Weems v. DesPortes

47 Ga. App. 546 | Ga. Ct. App. | 1933

Stephens, J.

1. “The custom of any business or trade” which “is of such universal practice as to justify the conclusion that it became, by implication, a part of the contract” (Civil Code of 1910, § 1, par. 4) may be established as part of a written contract, where the custom is not in conflict or inconsistent with any of the provisions of the contract; and since the custom, by implication, becomes part of the contract and does not constitute a parol agreement or undertaking between the parties, it may be established as a part of the contract, notwithstanding a provision in the contract that all conditions and agreements between the parties thereto, “either oral or written,” are contained in the contract.

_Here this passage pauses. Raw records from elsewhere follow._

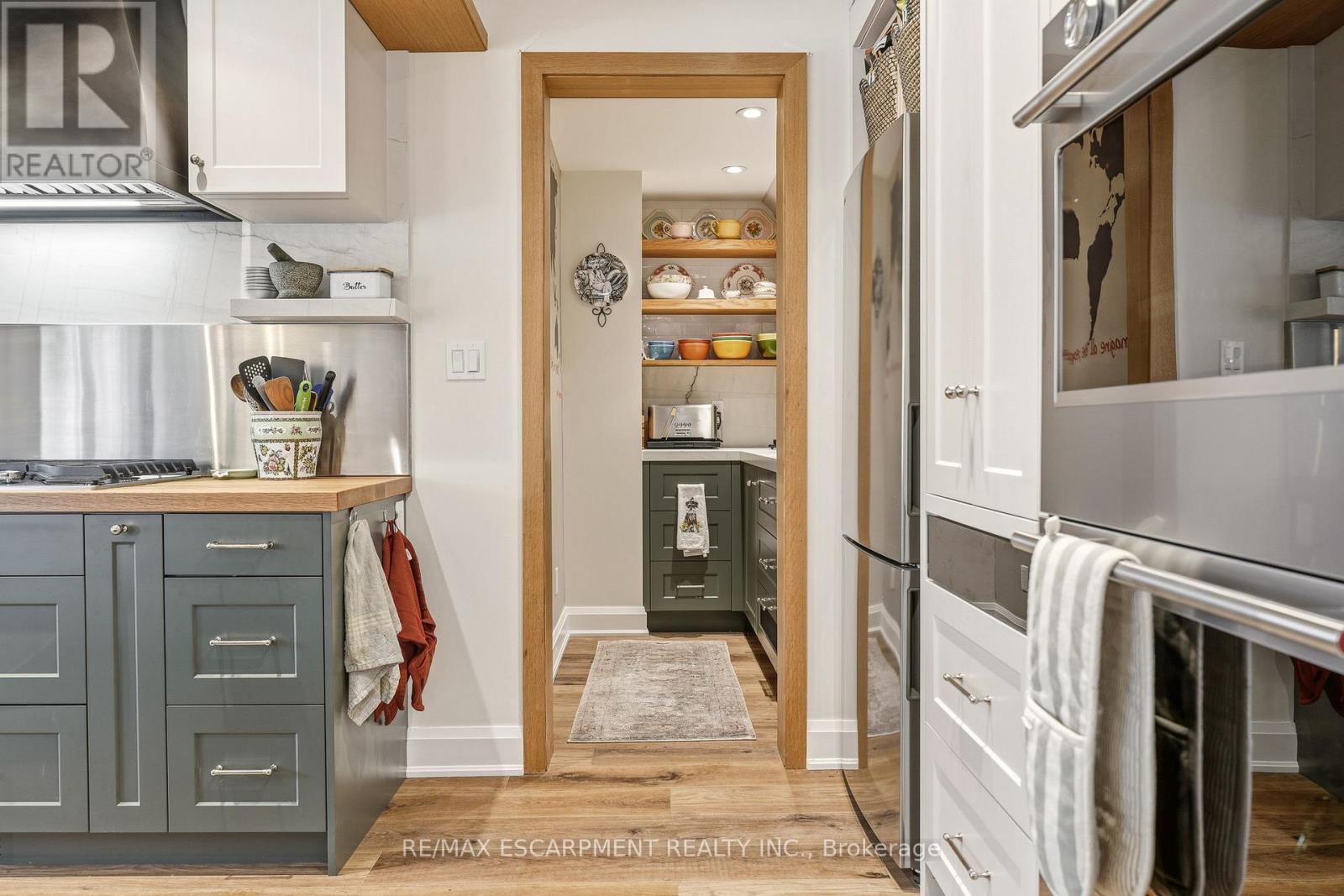 7 Central Park Avenue, Hamilton (Dundas), Ontario  L9H 2M5 - Photo 9 - X13025076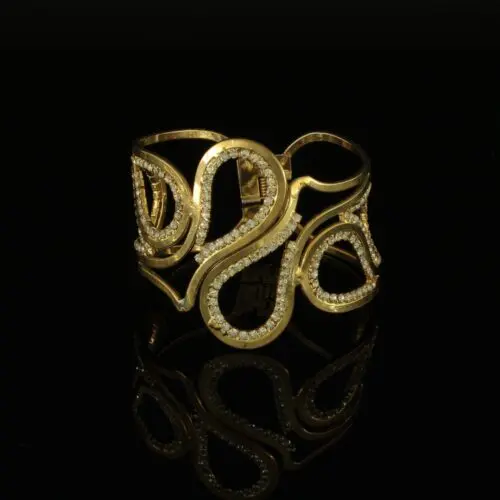 Handmade Bracelet Gold Finish with Austrian Crystals | Sensual | inspired.jewel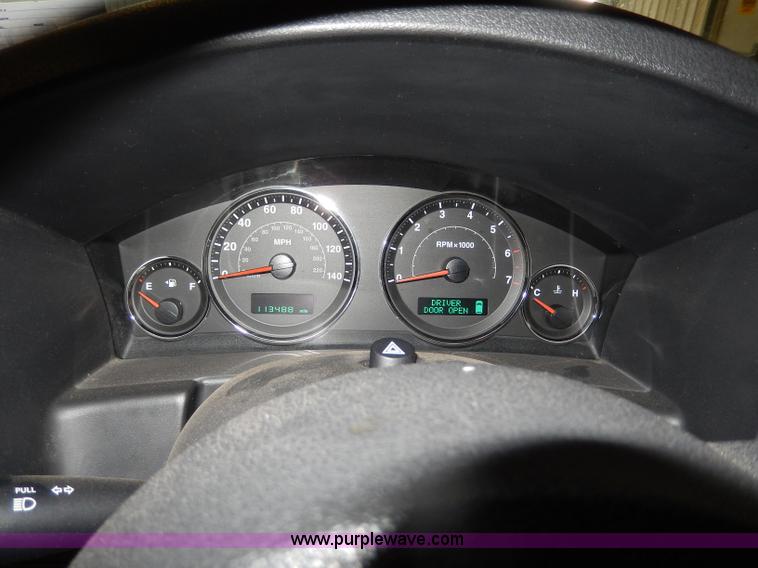 image for item H3008 2006 Jeep Commander SUV<br />Non-repairable title, parts only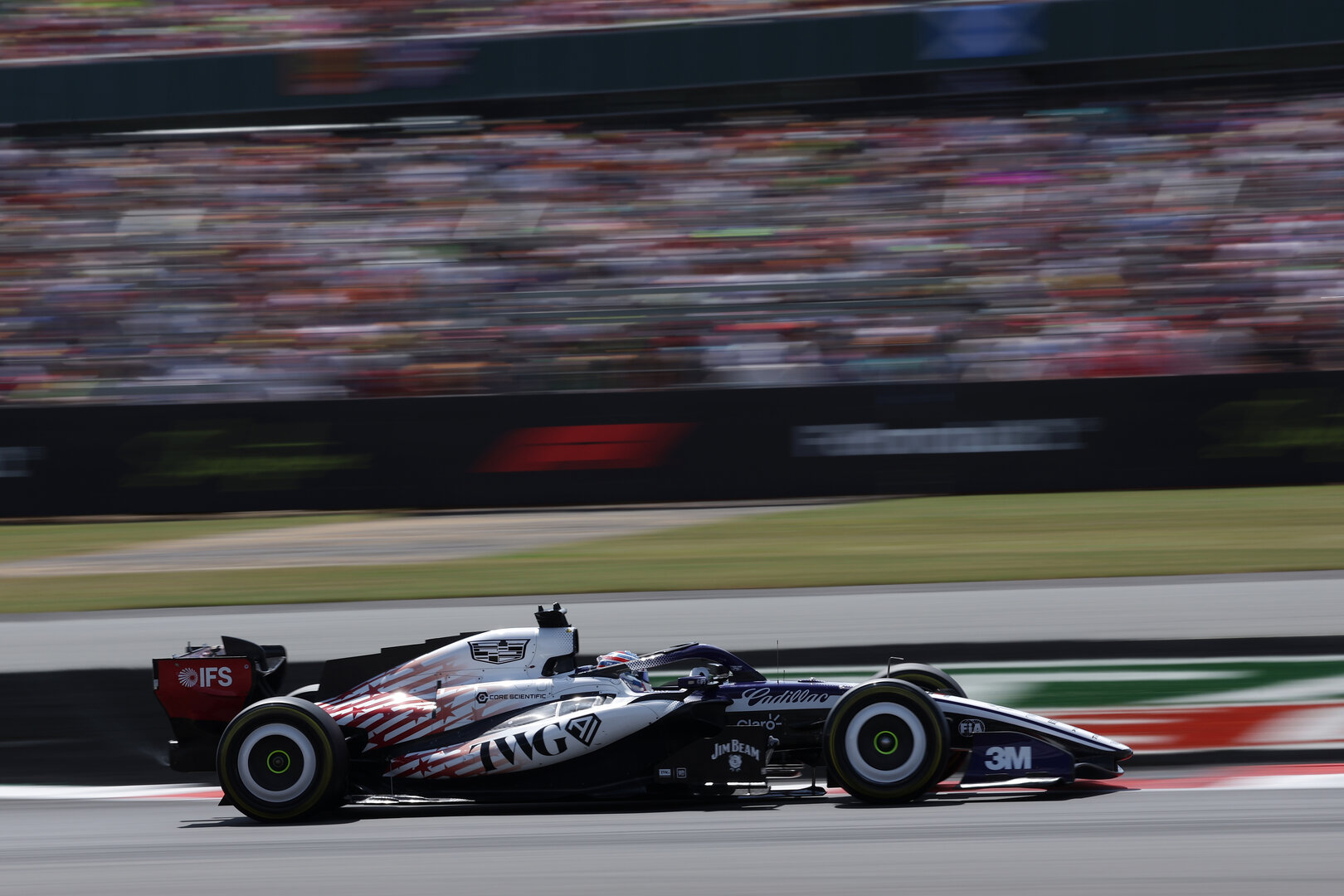 GP GRAN BRETAGNA, Sergio Perez (MEX) Cadillac Formula 1 Team MAC-26.
04.07.2026. Formula 1 World Championship, Rd 9, British Grand Prix, Silverstone, England, Sprint e Qualifiche Day.
- www.xpbimages.com, EMail: requests@xpbimages.com © Copyright: Dunbar / XPB Images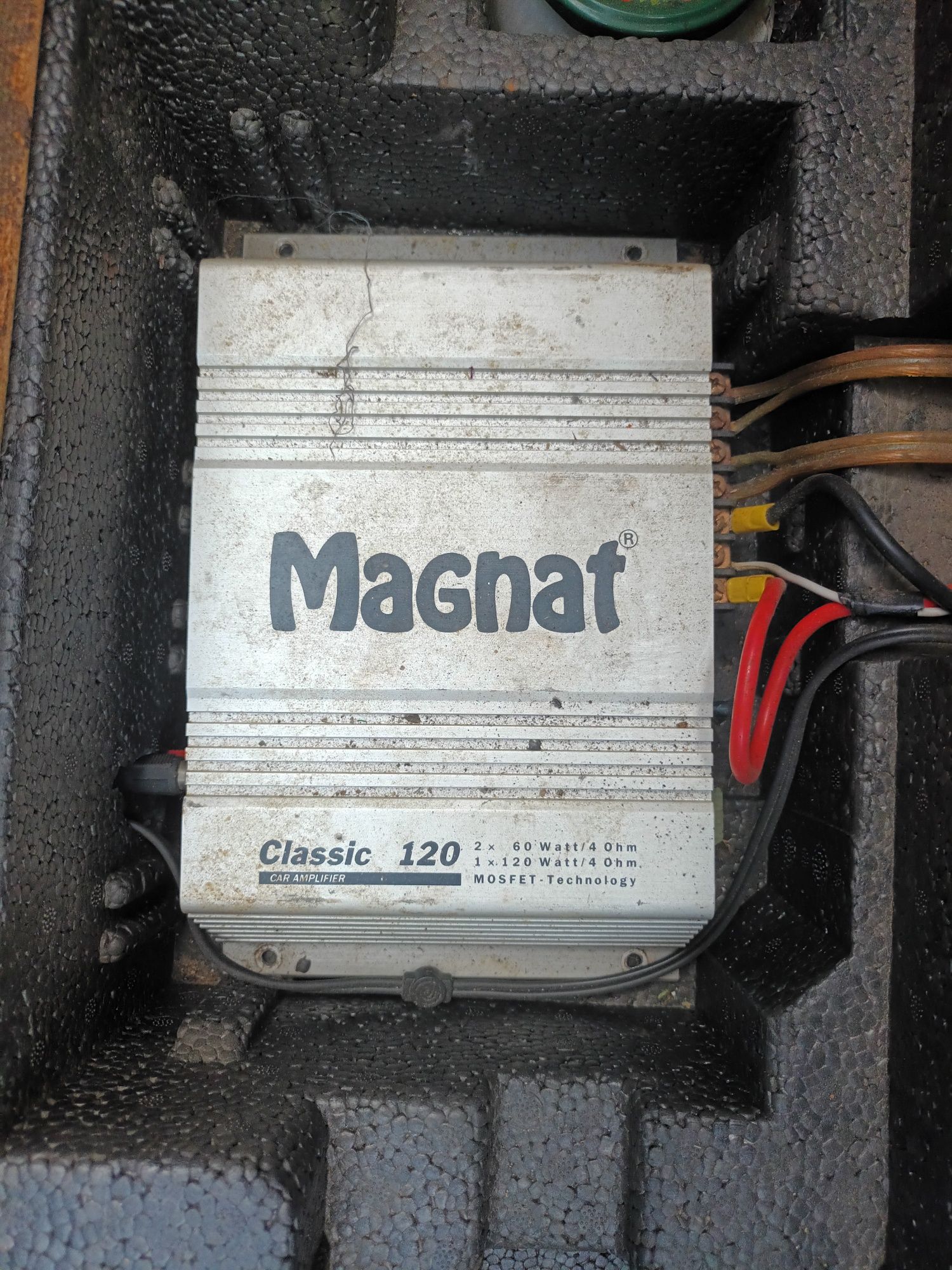 Stație Magnat auto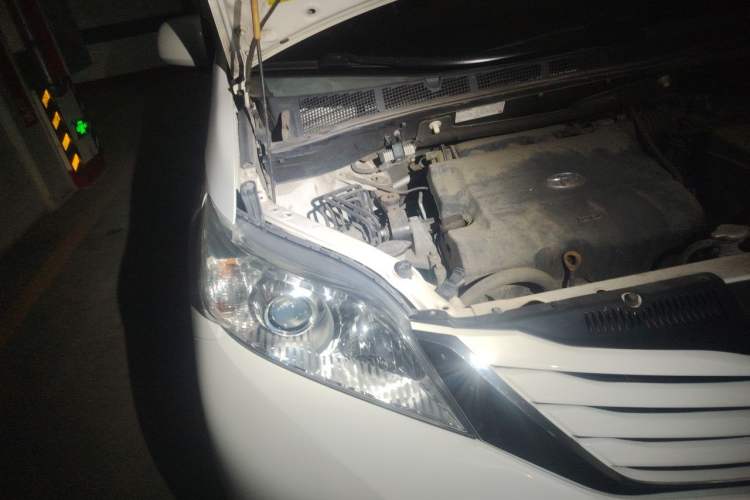 Used Toyota SIENNA 2015 3.5L Four-Wheel Drive L Engine Bay Right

2. Where in a retention-of-title contract for the sale of an automobile it is stated that the buyer has purchased the automobile for a certain sum of money, of which a part has been paid in cash and the rest is to be paid in a series of monthly installments, each in a designated amount, and an installment note is executed for the unpaid balance, that the purchaser is to keep the automobile insured against loss by fire, with insurance companies acceptable to the seller, in an amount not less than that owing under the contract and until the automobile is paid for, the insurance to be taken out for the protection of the seller and to be payable to the seller, that a named person not a party to the contract is *547constituted the buyer’s attorney in fact to adjust any loss arising under the insurance policy, collect the money, and apply it to the payment of the indebtedness due under the contract, and that “all conditions and agreements between the parties, either oral or written, with reference to the property sold” are contained in the contract, a general and universal custom of the business or trade among persons engaged in the business of selling autqmobiles, such as the seller, that, where automobiles are sold and the purchase-price is not fully paid there is included in the sum contracted to be paid as the purchase-price of the automobile a sum sufficient to pay the premiums upon the insurance required by the contract, that it has been the universal custom of the seller to transfer notes of this character which are taken for the purchase-price of automobiles, to the person named in this contract as the buyer’s attorney in fact to adjust insurance losses and collect the money, and that the transferee would select the insurance company to write the policy, that it was the transferee’s duty to obtain a policy of fire-insurance with the company selected by him in an amount required in the contract, that this was a universal custom in such transactions, that the transferee had, after purchasing notes of this character, in all eases followed this custom, this custom is not in conflict with any of the provisions of the contract. Where such custom obtained, it became by implication a part of the contract.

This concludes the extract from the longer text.